- **ASSIGNMENT**
Begin at the line below that has "Deus - Um Guia". Stop after the line that has "Human Performance Consulting: Transforming", repeating each line exactly and leaving out the pictures.

- **AVAILABLE DATA**
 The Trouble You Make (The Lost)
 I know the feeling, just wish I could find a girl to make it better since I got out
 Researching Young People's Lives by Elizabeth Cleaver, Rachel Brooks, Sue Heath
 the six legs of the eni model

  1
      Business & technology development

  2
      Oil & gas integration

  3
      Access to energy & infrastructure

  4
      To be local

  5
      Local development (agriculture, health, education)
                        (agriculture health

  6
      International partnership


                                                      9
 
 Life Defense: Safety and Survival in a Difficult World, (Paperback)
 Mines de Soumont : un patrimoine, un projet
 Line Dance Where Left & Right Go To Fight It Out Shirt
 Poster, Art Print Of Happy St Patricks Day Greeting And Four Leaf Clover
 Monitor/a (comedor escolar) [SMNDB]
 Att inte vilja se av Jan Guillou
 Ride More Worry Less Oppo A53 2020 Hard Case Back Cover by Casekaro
==
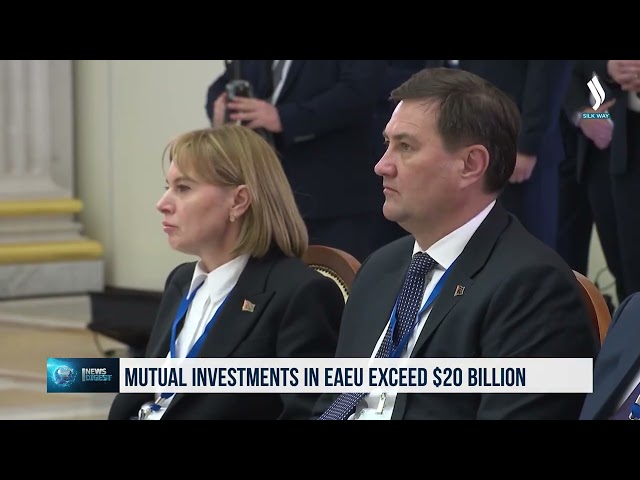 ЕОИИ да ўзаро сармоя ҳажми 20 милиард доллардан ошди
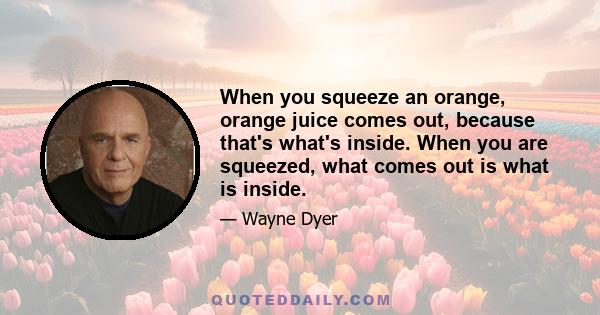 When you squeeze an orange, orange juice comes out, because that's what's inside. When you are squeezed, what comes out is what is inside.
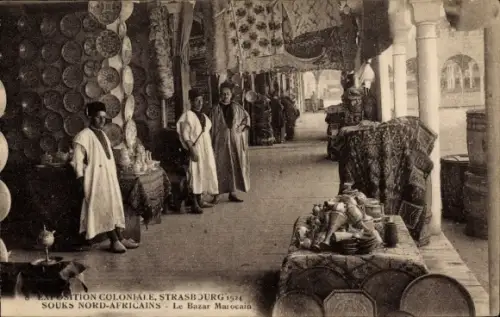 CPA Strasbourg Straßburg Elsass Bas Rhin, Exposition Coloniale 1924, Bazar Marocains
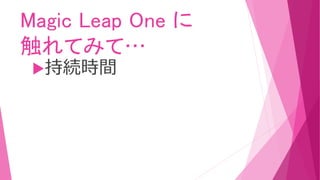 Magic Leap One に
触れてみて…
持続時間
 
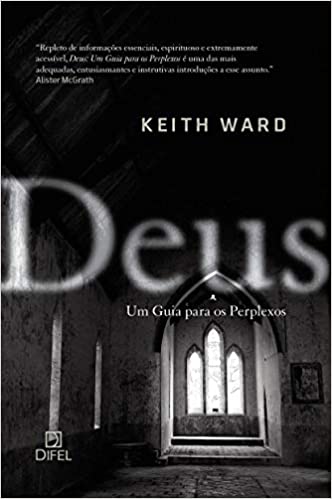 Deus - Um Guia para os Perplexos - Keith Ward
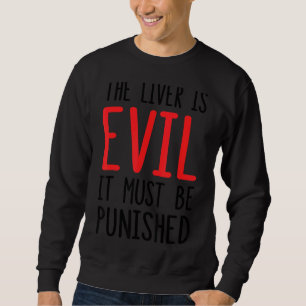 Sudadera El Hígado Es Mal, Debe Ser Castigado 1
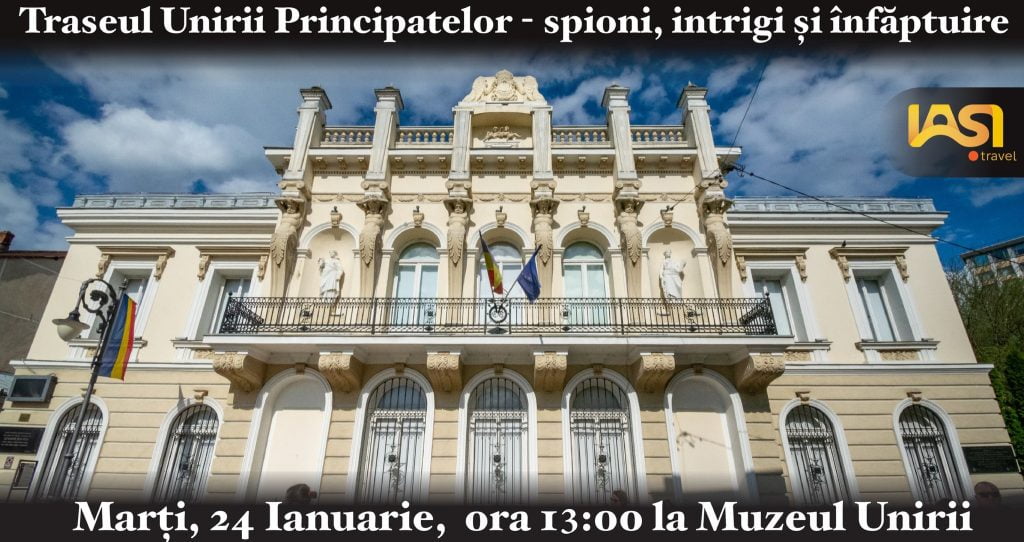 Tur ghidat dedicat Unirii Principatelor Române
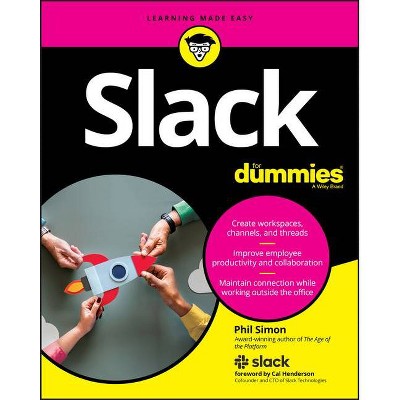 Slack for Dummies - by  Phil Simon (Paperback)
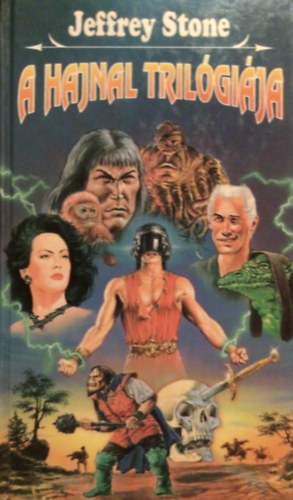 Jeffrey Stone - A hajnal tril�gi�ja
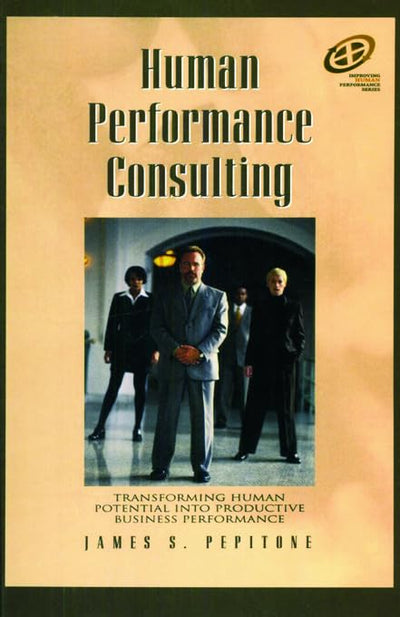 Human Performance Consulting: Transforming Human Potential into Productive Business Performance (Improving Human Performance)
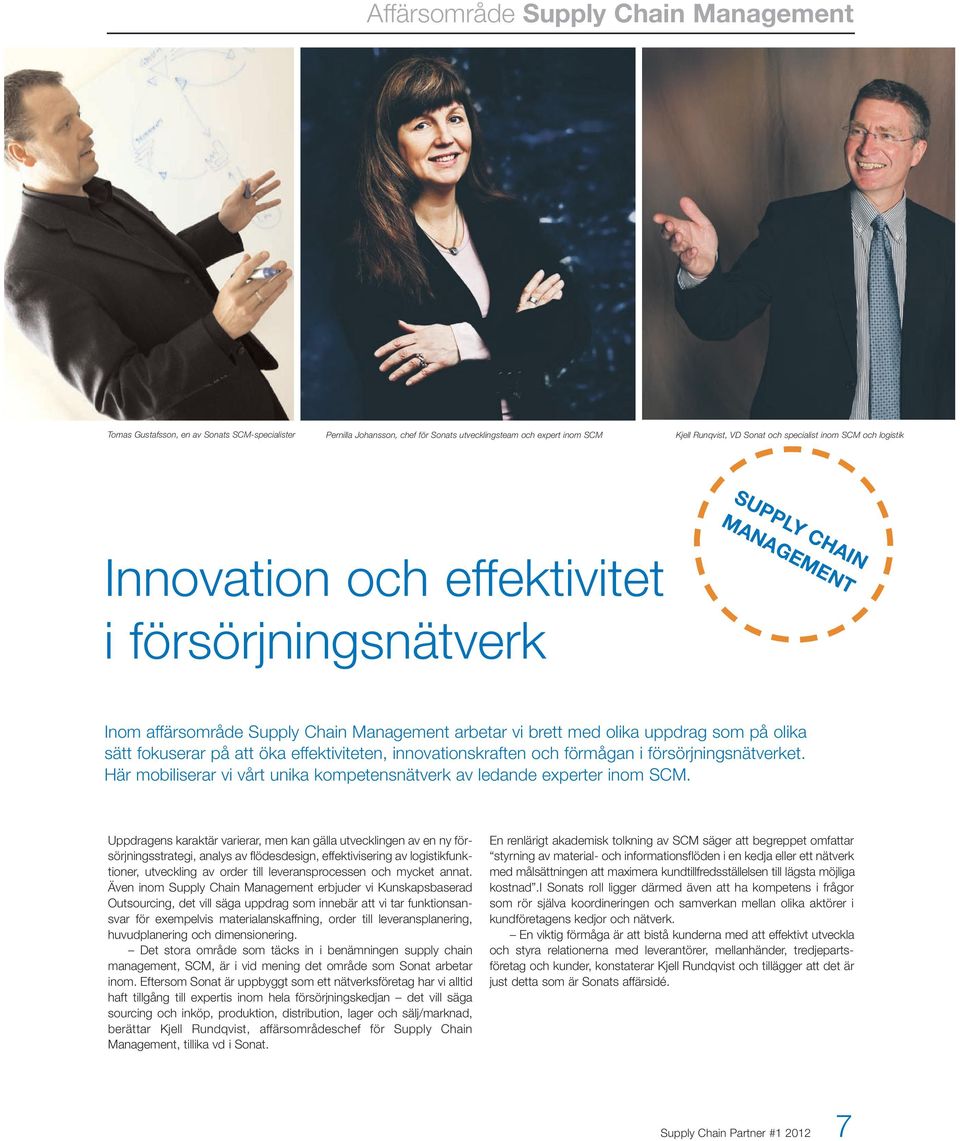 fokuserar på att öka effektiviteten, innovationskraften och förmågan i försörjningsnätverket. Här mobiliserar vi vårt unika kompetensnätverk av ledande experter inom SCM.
==
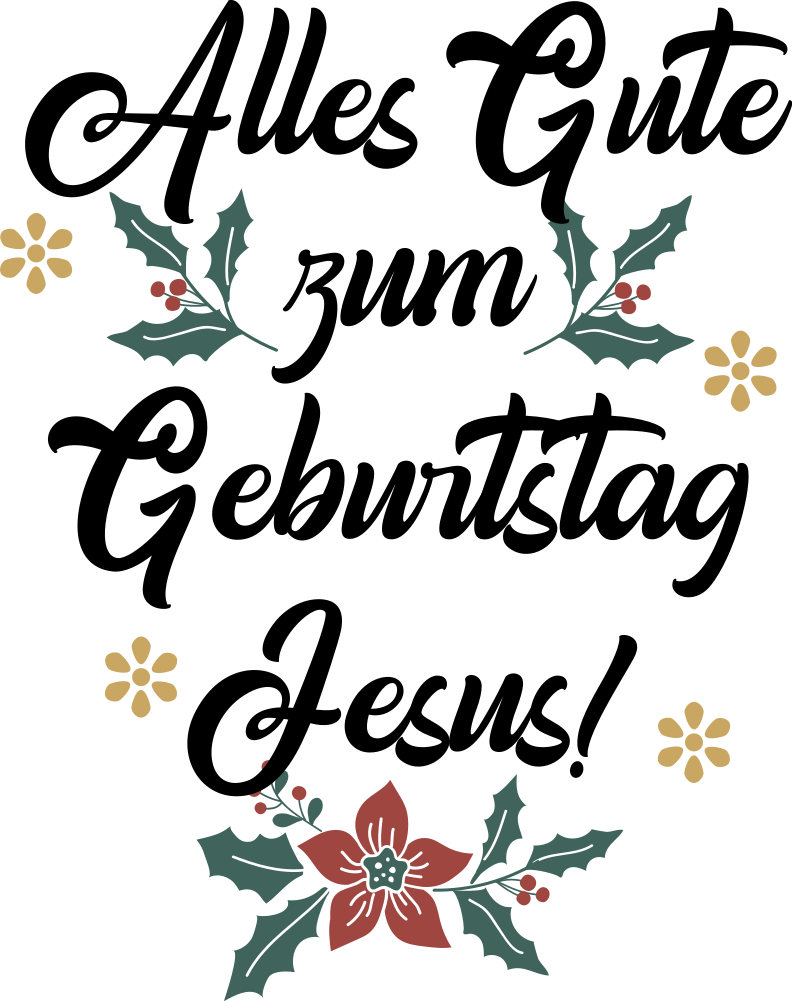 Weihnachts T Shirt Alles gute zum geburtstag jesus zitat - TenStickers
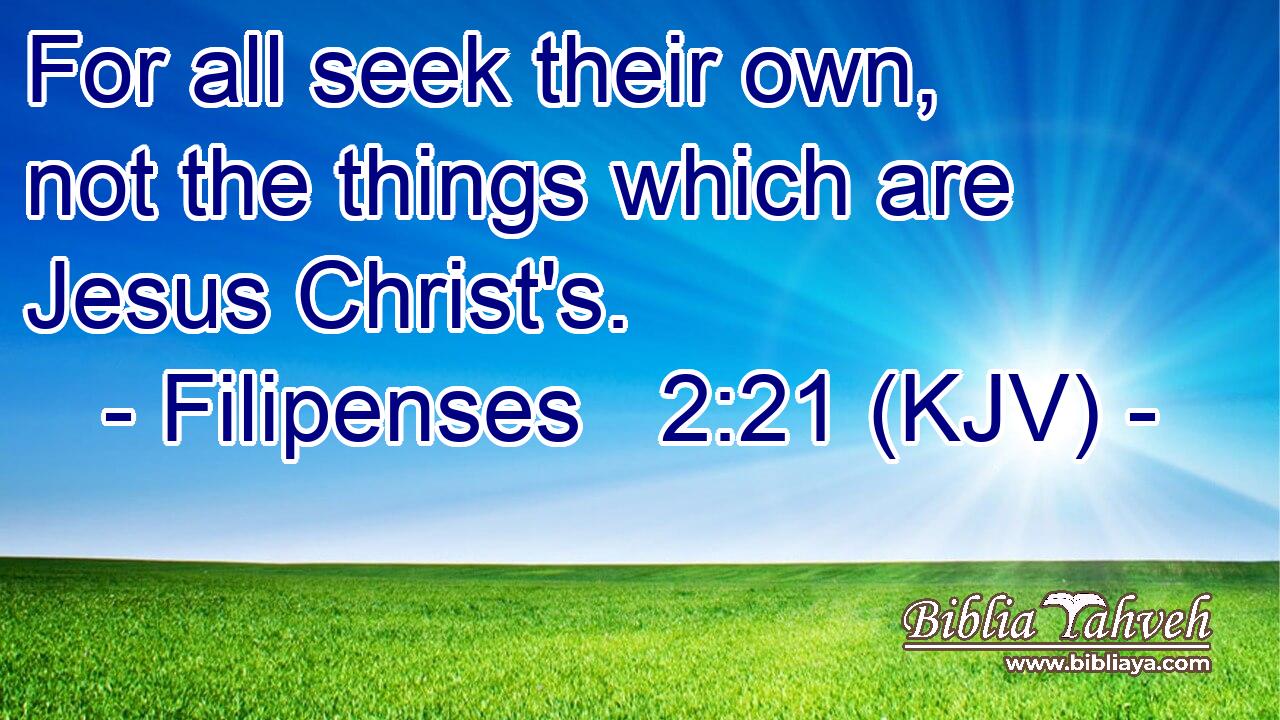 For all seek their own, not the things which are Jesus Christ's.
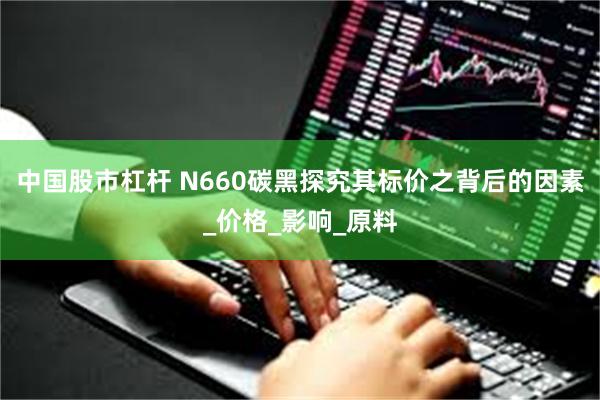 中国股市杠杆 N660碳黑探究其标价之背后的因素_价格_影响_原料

- **EXERCISE RESULT**
 Deus - Um Guia para os Perplexos - Keith Ward
 Sudadera El Hígado Es Mal, Debe Ser Castigado 1
 Tur ghidat dedicat Unirii Principatelor Române
 Slack for Dummies - by  Phil Simon (Paperback)
 Jeffrey Stone - A hajnal tril�gi�ja
 Human Performance Consulting: Transforming Human Potential into Productive Business Performance (Improving Human Performance)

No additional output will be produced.